PROBLEM TO SOLVE: Make an exact transcript of the lines in the data below, starting with the one containing "AK Elberfeld Elektrische" and going on through the one containing "8 Inches 2 Pcs", with both included and the pictures left out.

DATA UNDER STUDY:
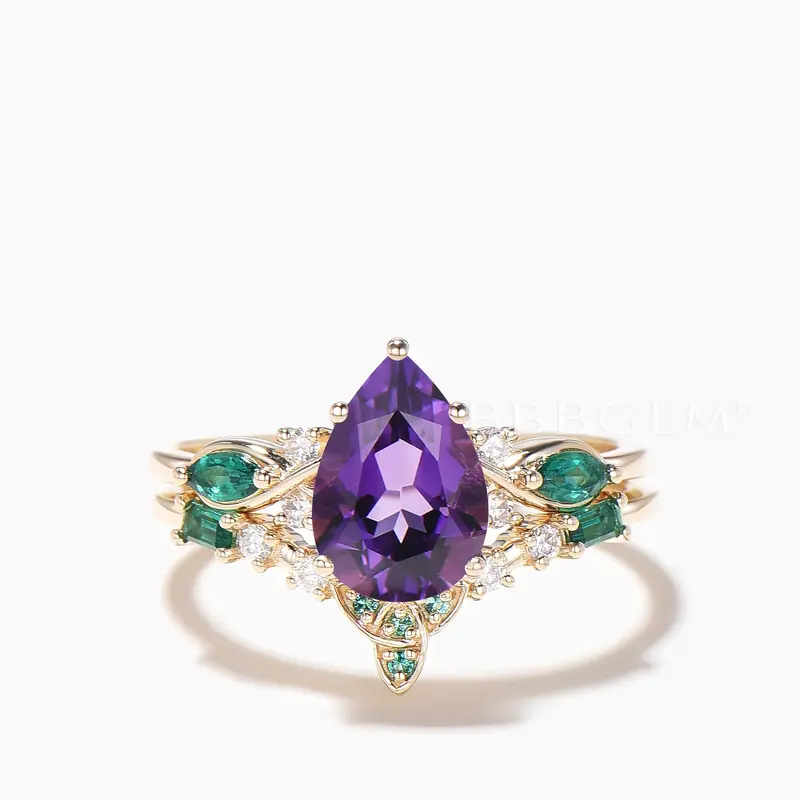 1.25CT Pear Cut Natural Amethyst Engagement Ring Emerald Diamond Bridal Set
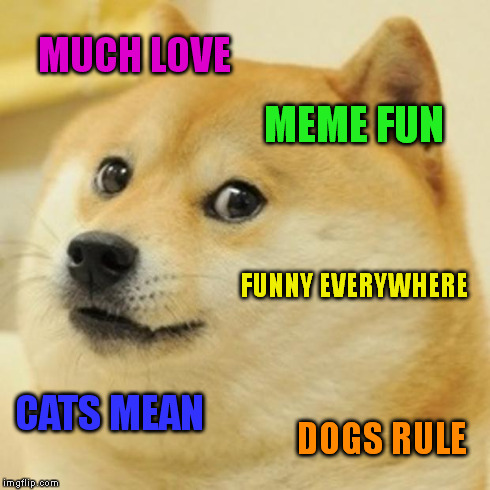 Doge Meme | MUCH LOVE MEME FUN FUNNY EVERYWHERE CATS MEAN DOGS RULE | image tagged in memes,doge | made w/ Imgflip meme maker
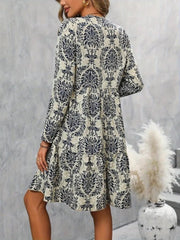 Kadın Uzun Kollu V Yakalı Fırfırlı Mini Süprem Elbise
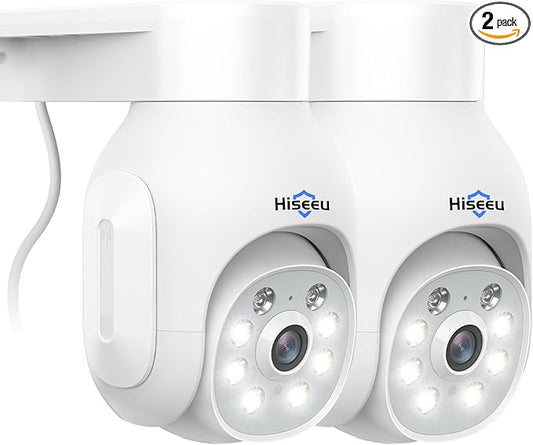 Hiseeu 3MP Wireless Outdoor Security Camera, 2.4G/5G WiFi, Color Night Vision, 360° Pan&Tilt, Motion Detection, Siren & Light Alarm, IP66 Waterproof, NVR Compatible, No Monthly Fee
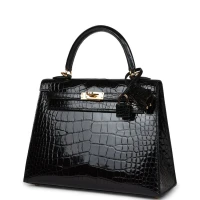 Hermes Kelly Sellier 25 Black Shiny Alligator Gold Hardware Hermes Kelly Sellier 25 Black Shiny Alligator Gold Hardware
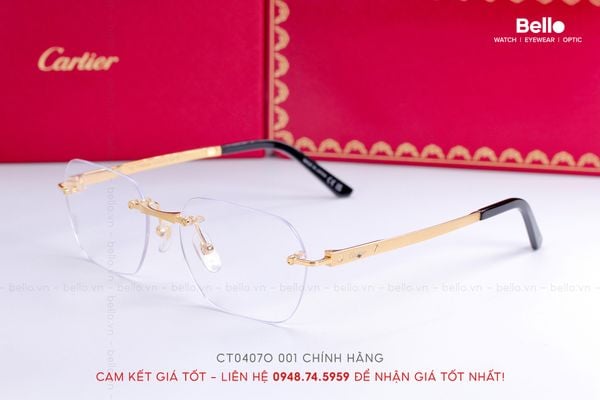  Gọng Kính Cartier CT0407O 001 - Tặng kèm tròng kính Essilor Pháp, Liên hệ giá tốt Mrs.Hà 0948.74.5959 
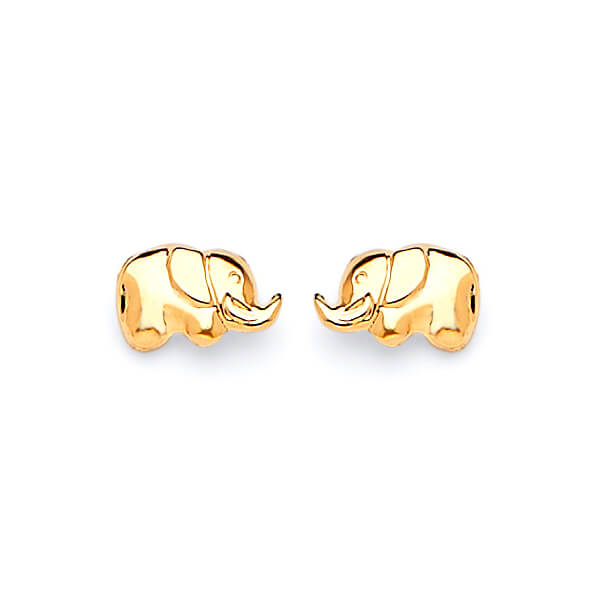 Elephant Stud Earrings in 14K Gold and Butterfly Backing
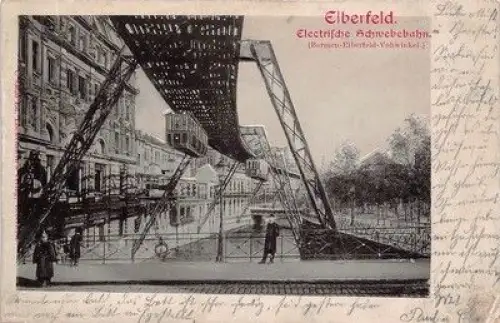 AK Elberfeld Elektrische Schwebebahn Reliefkarte 1902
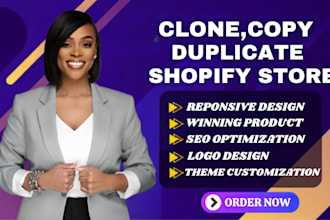 copy, clone, revamp, duplicate and redesign any shopify website or shopify store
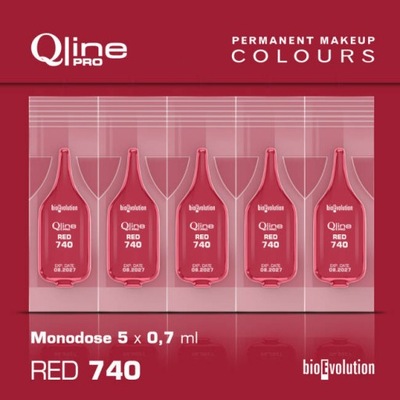 QLINE PRO PIGMENT DO MAKIJAŻU PERNAMENTENGO RED 740 - MONODOSE 5x 0,7ml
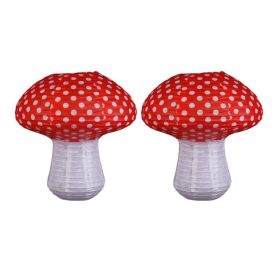 8 Inches 2 Pcs Chinese Style Paper Lantern Mushroom Decorative Hanging Lanterns for Garden Party Decoration - Default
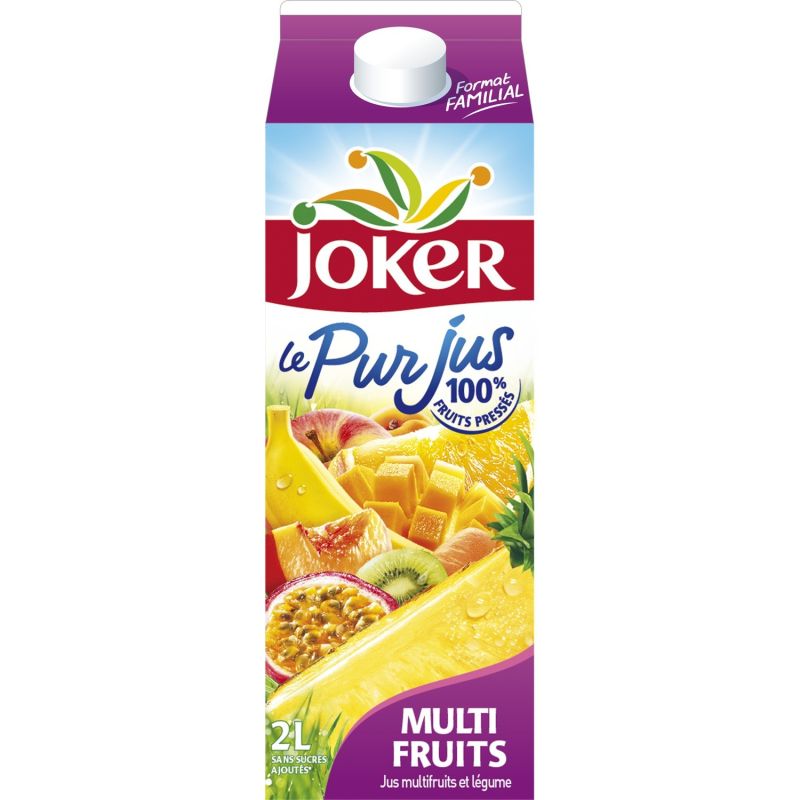 Joker Jus Multifruit Sans Sucres Ajoutés : La Brique De 2L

ANSWER SECTION:
 AK Elberfeld Elektrische Schwebebahn Reliefkarte 1902
 copy, clone, revamp, duplicate and redesign any shopify website or shopify store
 QLINE PRO PIGMENT DO MAKIJAŻU PERNAMENTENGO RED 740 - MONODOSE 5x 0,7ml
 8 Inches 2 Pcs Chinese Style Paper Lantern Mushroom Decorative Hanging Lanterns for Garden Party Decoration - Default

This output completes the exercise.